Task description
Apart from the images, the entire listing below must be restated word for word.

Supplied data
^^^^^^^^^^^^^^^^

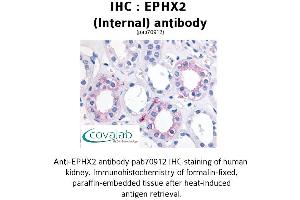 Image no. 1 for anti-Epoxide Hydrolase 2, Cytoplasmic (EPHX2) (Internal Region) antibody (ABIN1734089)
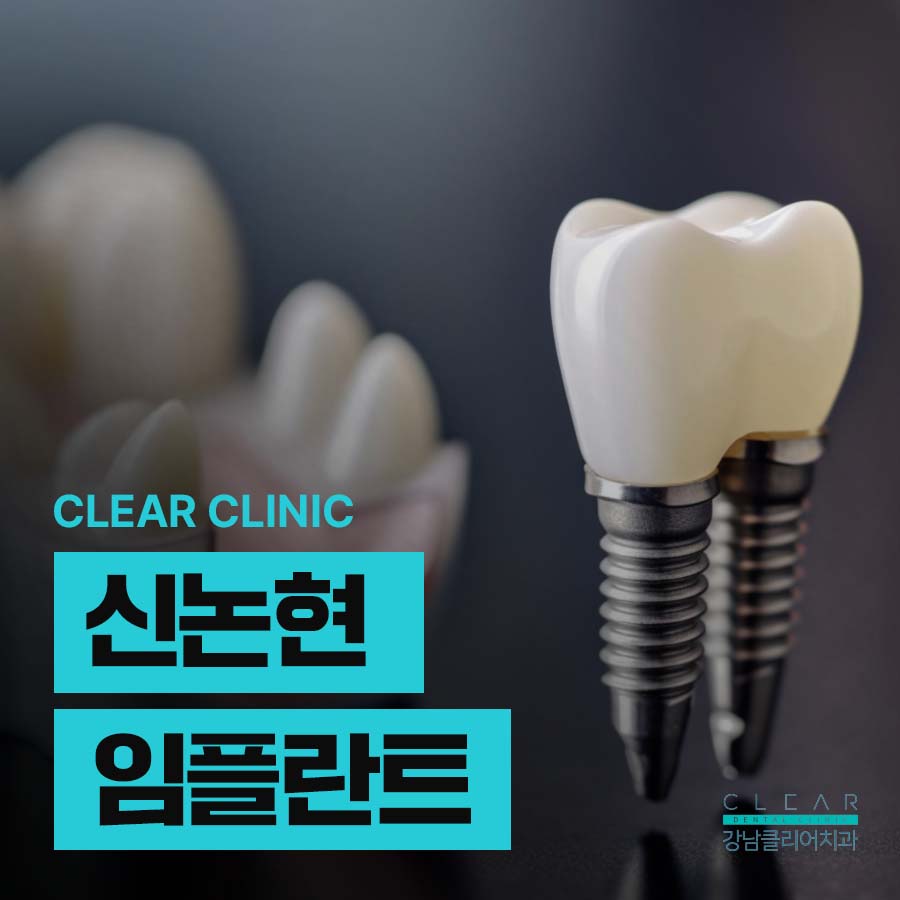 신논현 임플란트 구조 수술과정 총정리 관련 이미지 1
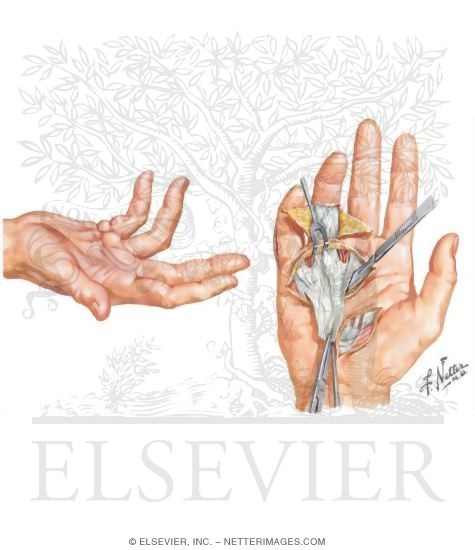Dupuytren Disease
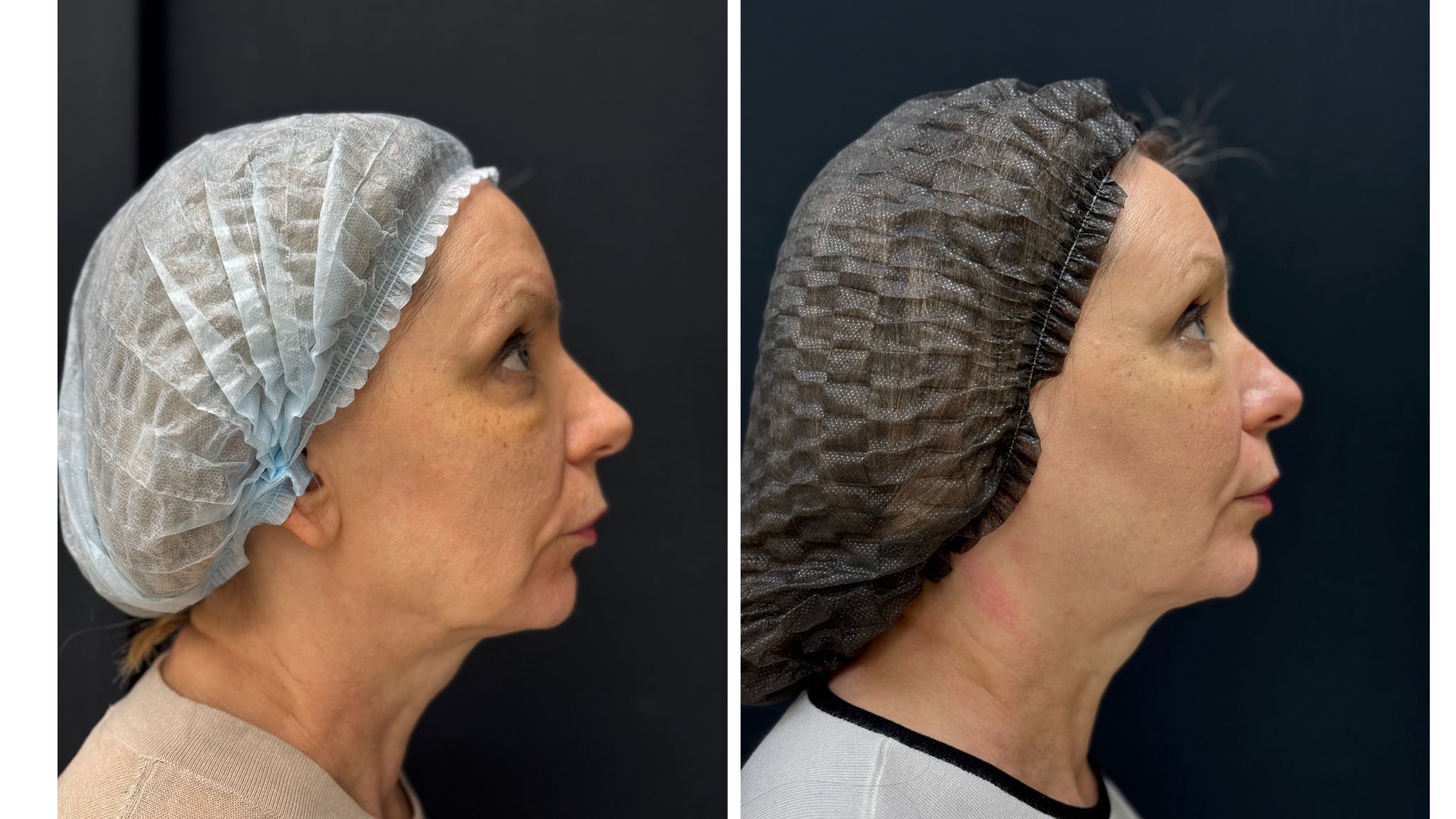 До / После L(+) Lift®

^^^^^^^^^^^^^^^^

Answer section
 Image no. 1 for anti-Epoxide Hydrolase 2, Cytoplasmic (EPHX2) (Internal Region) antibody (ABIN1734089)
 신논현 임플란트 구조 수술과정 총정리 관련 이미지 1
Dupuytren Disease
 До / После L(+) Lift®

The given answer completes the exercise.